E non finisce qui, perché c'è un altro atto d'accusa molto grave contro Boccia. È Veronica Felaco a lanciarlo con una lettera in cui spiega: «Sono iscritta al Pd da dieci anni, sono stata cancellata dall'anagrafe degli iscritti senza motivazione o forse perché sono la nipote del presidente Oliviero? Insieme a me incalza - avete cancellato dall'anagrafe tutta la mia famiglia, mio marito, mio padre, i miei suoceri, i miei amici iscritti storici al Pd. E pur avendo fatto ricorso in autotutela alla commissione non ci avete riammessi».

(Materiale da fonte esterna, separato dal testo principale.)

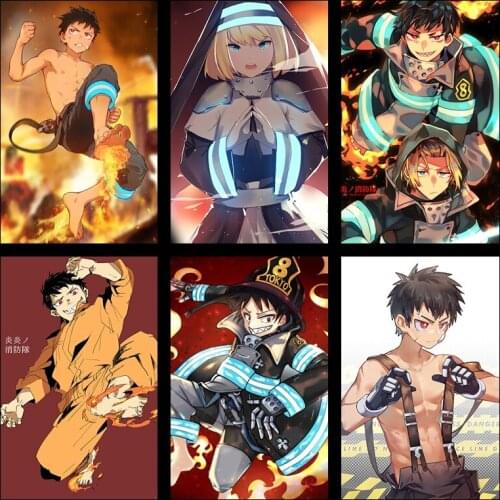 Buy three to send one Shinra Kusakabe Arthur Boyle Iris Atsushi okubo Comic strip Cartoon children room decoration painting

E oltre al verdetto della magistratura di ieri, un altro ricorso è stato presentato ma alle commissioni nazionale, regionale e provinciale «per veder ristabilita l'agibilità democratica anche in provincia di Caserta». Camilla Sgambato, referente di Cuperlo sul territorio, ha infatti ritenuto non corretto il lavoro della commissione provinciale in merito al rigetto di tutti i ricorsi presentati e ha chiesto riscontri. «Al presidente Gatto sono giunte circa 300 richieste di reinserimento, dopo attenta e scrupolosa analisi dei garanti territoriali, come era stato stabilito precedentemente dalla commissione e come indicato dalla commissione nazionale per consentire a sinceri e autentici militanti di partecipare al congresso».

A cercare di fare chiarezza ci aveva provato il coordinatore dell'organismo provinciale Francesco Gatto: «Ci siamo trovati, nostro malgrado, ad assumere orientamenti contrastanti con le nostre stesse opinioni, unicamente per senso di responsabilità e per liberare il contesto da tensioni e polemiche pubbliche entro il quale si sarebbe svolto il congresso laddove non si fossero prese decisioni ferme, al limite dell'irragionevolezza». Un tentativo di salvare il voto di domani, che purtroppo non ha sortito gli effetti sperati.